» **EXERCISE DESCRIPTION**:
Retype the lines of the material below, exactly and only, from the one containing "Conceição da Ibitipoca" through the last line, with pictures left out.

» **DATASET CONTENT**:
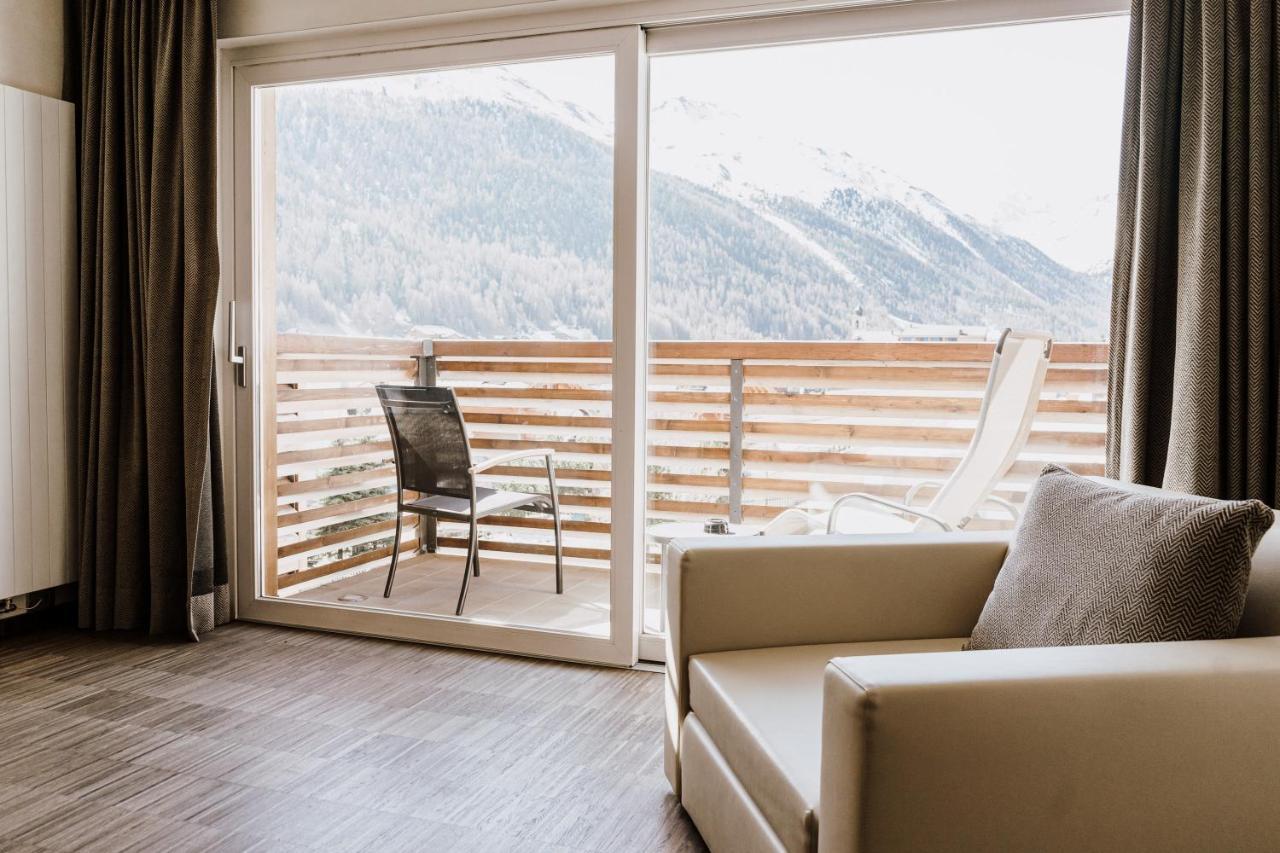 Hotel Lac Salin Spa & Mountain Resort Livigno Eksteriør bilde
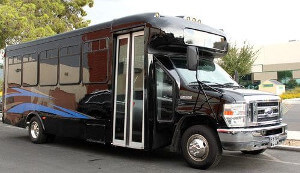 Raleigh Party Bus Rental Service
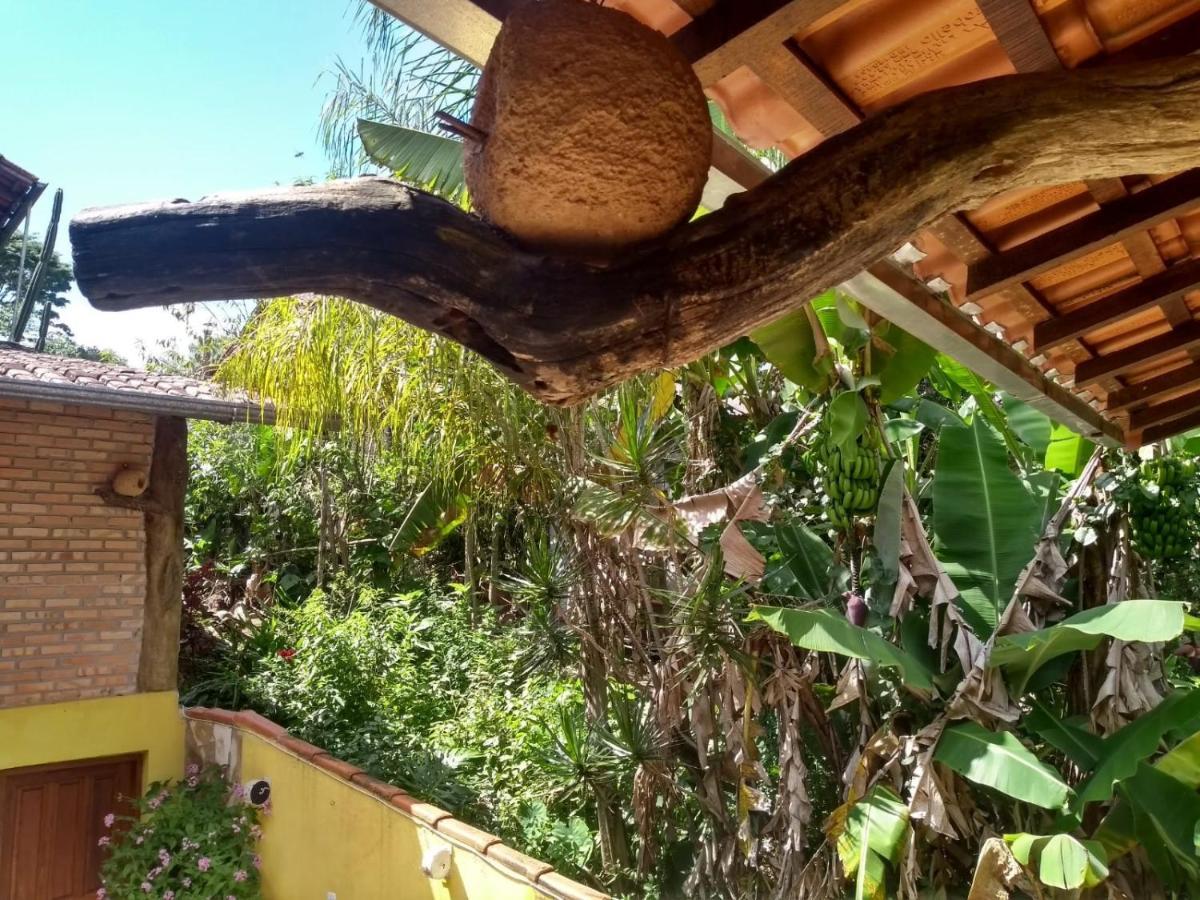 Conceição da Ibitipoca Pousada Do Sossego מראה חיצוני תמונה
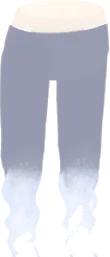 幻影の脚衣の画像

» **ANSWER SECTION**:
 Conceição da Ibitipoca Pousada Do Sossego מראה חיצוני תמונה
 幻影の脚衣の画像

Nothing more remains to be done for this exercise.